The Philippines, the 12th most populous country in the world, welcomes its 100-million citizen today, presenting both challenges and opportunities.
“The issue of population is critical for humanity. But it is important to emphasize that population is not merely a matter of numbers, but of human rights and opportunities,” Klaus Beck, Country Representative of the United Nations Population Fund in the Philippines, said.
In the 2011 State of World Population Report, which tackled another milestone, namely the world’s 7 billion population, it was stated that the attainment of a stable population is a sine qua non for accelerated economic growth and development. “Governments that are serious about eradicating poverty should also be serious about providing the services, supplies, information that women, men and young people need to exercise their reproductive rights,” the report said.
In many parts of the developing world, where population growth is outpacing economic growth, the unmet need for reproductive health care, especially voluntary family planning, remains great.
“In the Philippines, women in the poorest quintile have an average of six children, two more than they desire, because of lack of access to reproductive health information and services,” Beck said.
He also noted that 49 percent of the population live in cities as more people from the rural areas look for better opportunities elsewhere.
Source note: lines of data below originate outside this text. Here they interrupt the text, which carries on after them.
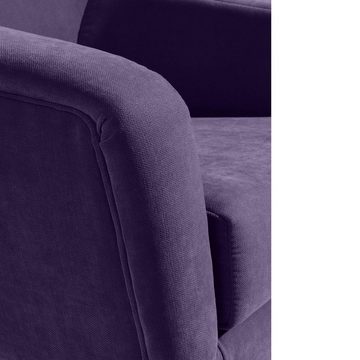 58 aufm Kessel Sessel Sessel Kachka Bezug Veloursstoff Buche natur / violett 21081 (Sparpreis inkl. Kostenlosem Versand, 1-St), hochwertig verarbeitet,bequemer Sitz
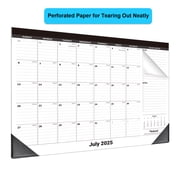 Nekmit Desk Calendar 2025-2026, Desk Pad Calendar 14 x 11, Black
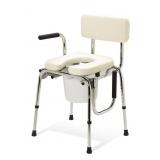 Guardian Padded Drop Arm Commode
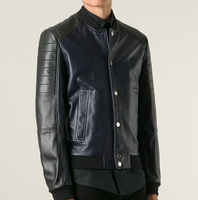 Nouvelle veste en cuir pour homme en peau de mouton, style motard, tendance coréenne, coupe slim, revers, imperméable, écologique, style urbain 2024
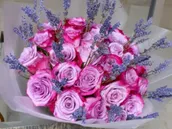 Purple Lavender Hand Bouquet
This migration poses issues that have to be addressed such as trafficking in women and girls.
The Philippine population remains young with people under the age of 25 making up 54 percent of the population.
“There is a need to respond to the rights and needs of young people by providing them with education, job opportunities, and life skills including appropriate information about their sexuality,” Beck stressed.
Currently, 10 percent of Filipino girls aged 15 to 19 have begun childbearing. Young people are also increasingly becoming more vulnerable to HIV infections, with one out of three new cases belonging to the 15-24 age group.
“The 100 million Philippine population presents an opportunity for all partners and stakeholders to make the right investments in people now so we can prepare the groundwork for thriving, sustainable cities, productive labor forces that fuel equitable economic growth, youth that contribute to the well-being of economies and societies, and a generation of older people who are healthy and actively engaged in the social and economic affairs of their communities,” Beck said.